To do: Lower down are entries containing pictures. Copy exactly, without those pictures, the lines from the line with "Set of 3 Extra" through the line with "Классическая рубашка Оксфорд".

Information:
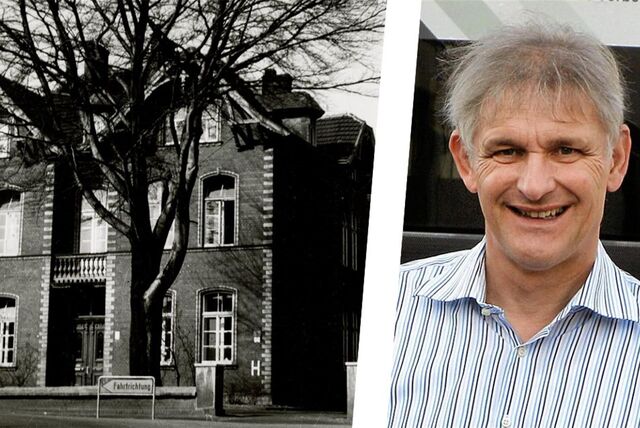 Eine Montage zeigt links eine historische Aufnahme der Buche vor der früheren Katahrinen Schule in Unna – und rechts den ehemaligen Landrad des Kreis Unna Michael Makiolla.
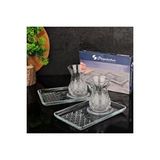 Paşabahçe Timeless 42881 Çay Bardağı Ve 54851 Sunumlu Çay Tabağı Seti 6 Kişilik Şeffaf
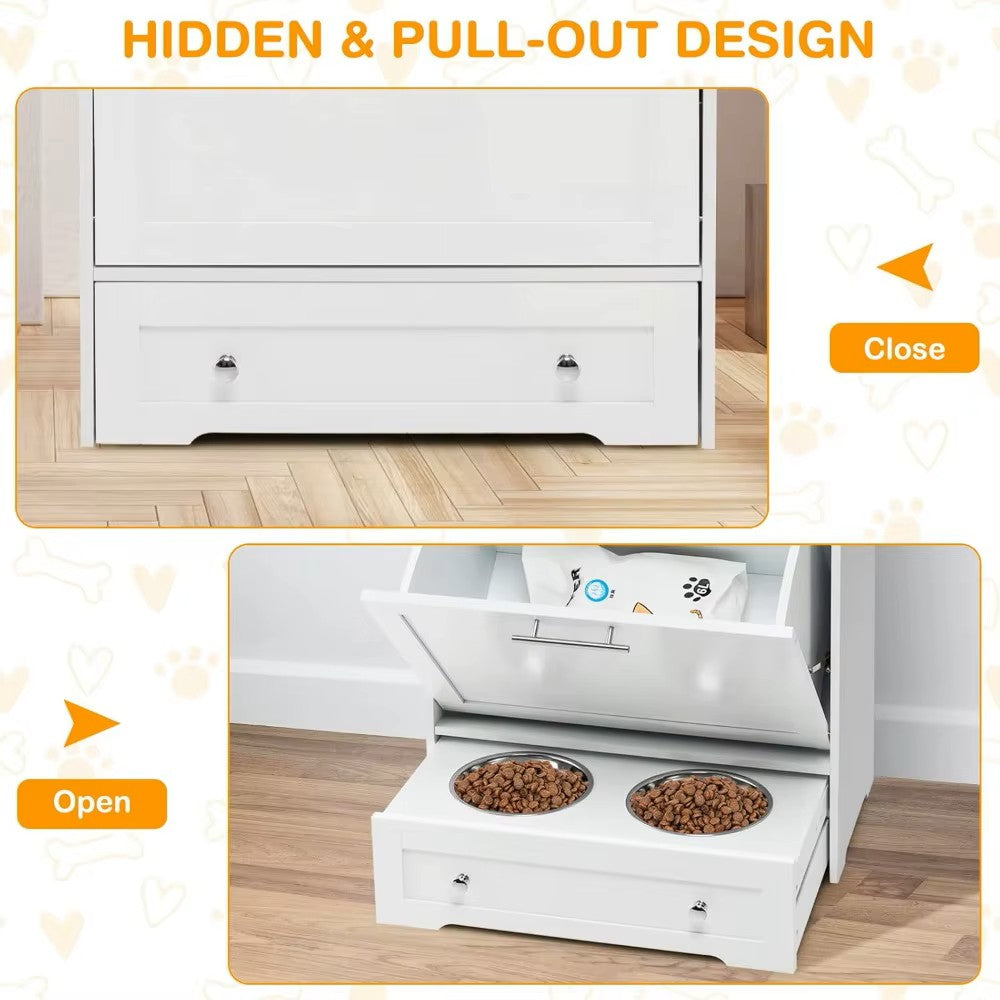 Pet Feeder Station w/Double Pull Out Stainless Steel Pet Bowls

---

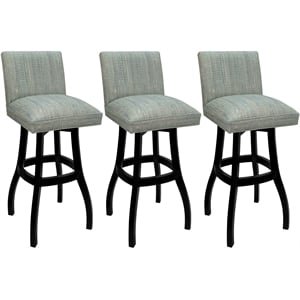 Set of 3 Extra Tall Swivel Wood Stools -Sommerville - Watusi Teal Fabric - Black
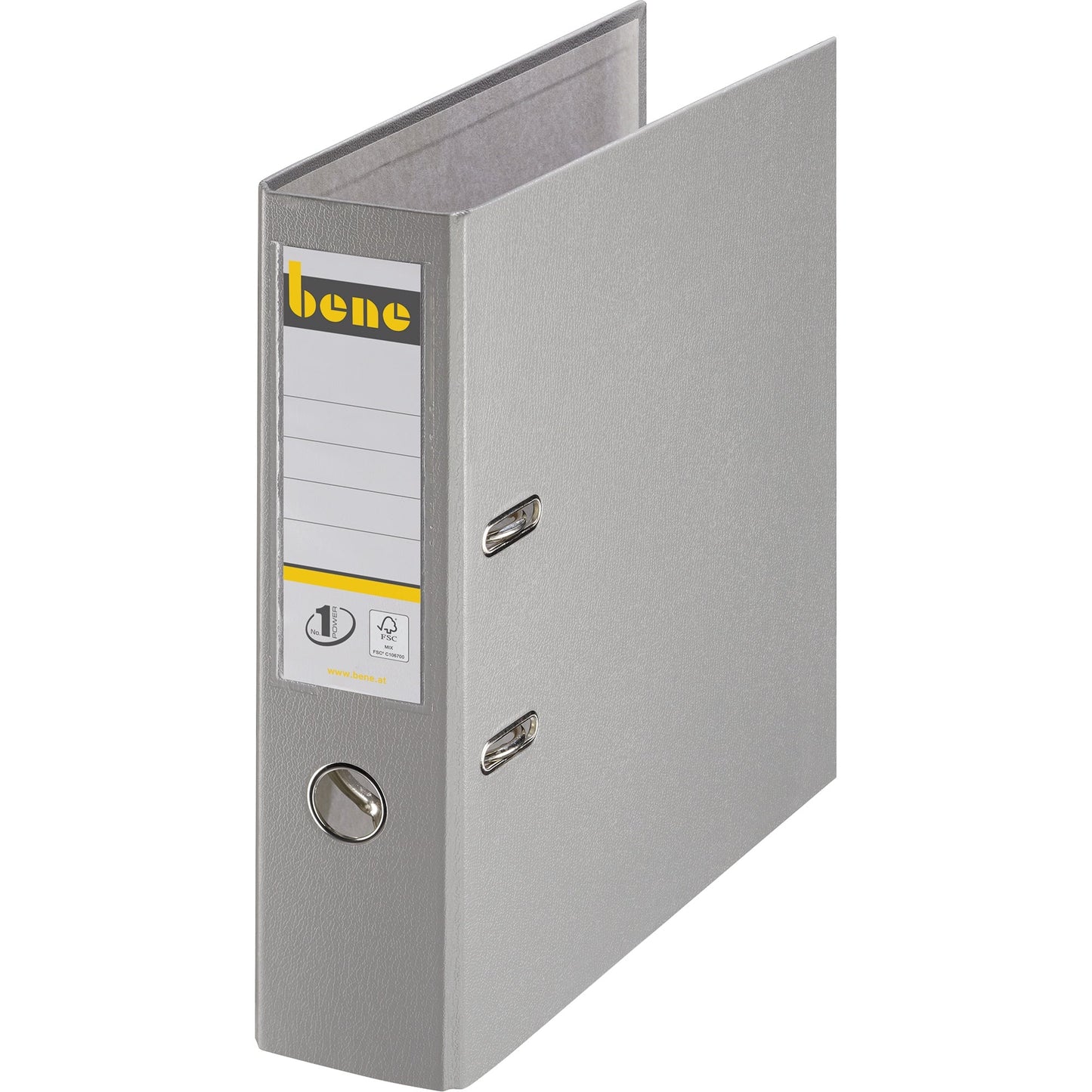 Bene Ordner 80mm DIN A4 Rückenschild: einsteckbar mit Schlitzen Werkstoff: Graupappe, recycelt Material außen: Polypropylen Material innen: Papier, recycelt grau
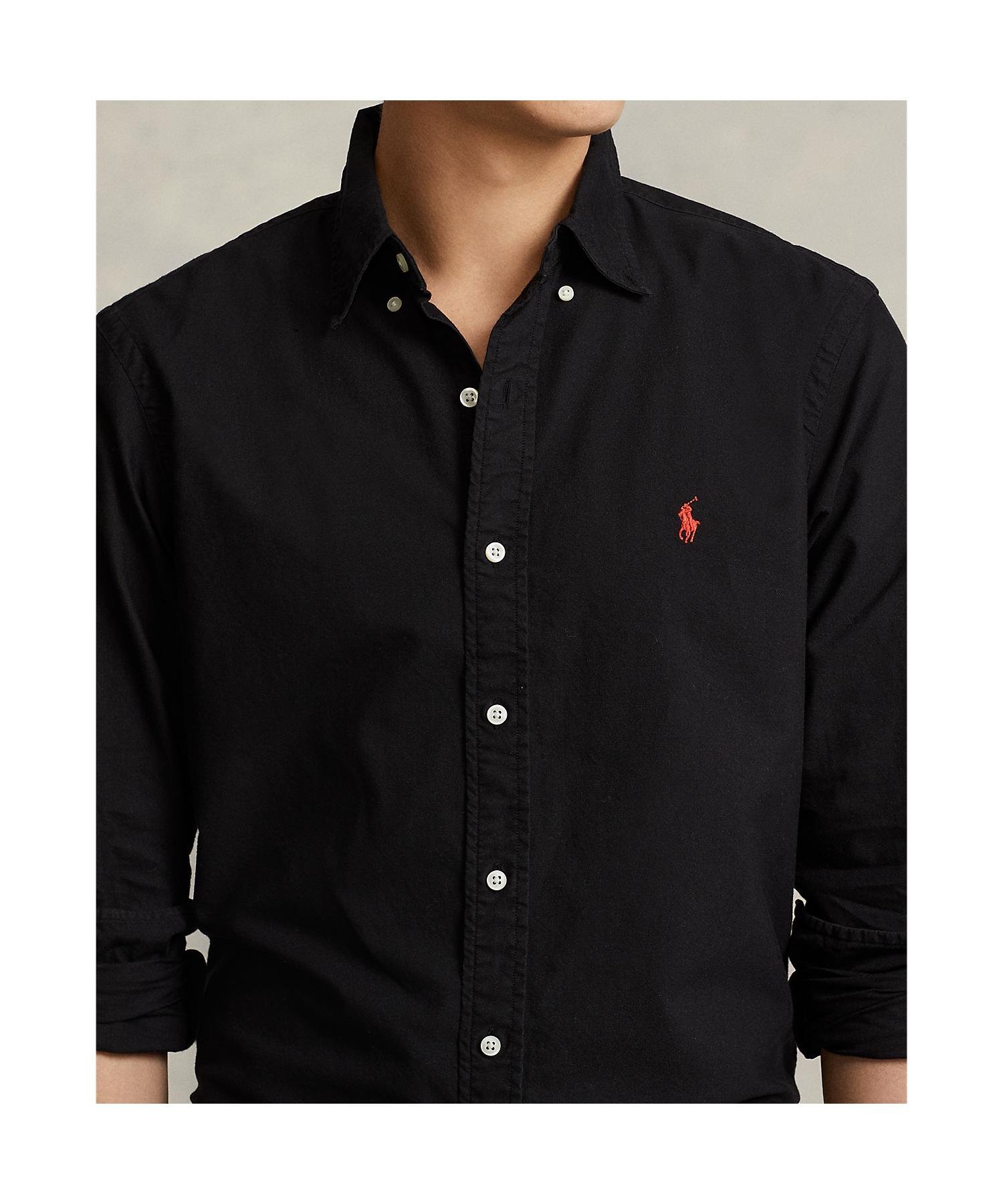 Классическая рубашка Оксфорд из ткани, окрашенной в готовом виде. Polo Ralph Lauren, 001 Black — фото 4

Written solution:
 Set of 3 Extra Tall Swivel Wood Stools -Sommerville - Watusi Teal Fabric - Black
 Bene Ordner 80mm DIN A4 Rückenschild: einsteckbar mit Schlitzen Werkstoff: Graupappe, recycelt Material außen: Polypropylen Material innen: Papier, recycelt grau
 Классическая рубашка Оксфорд из ткани, окрашенной в готовом виде. Polo Ralph Lauren, 001 Black — фото 4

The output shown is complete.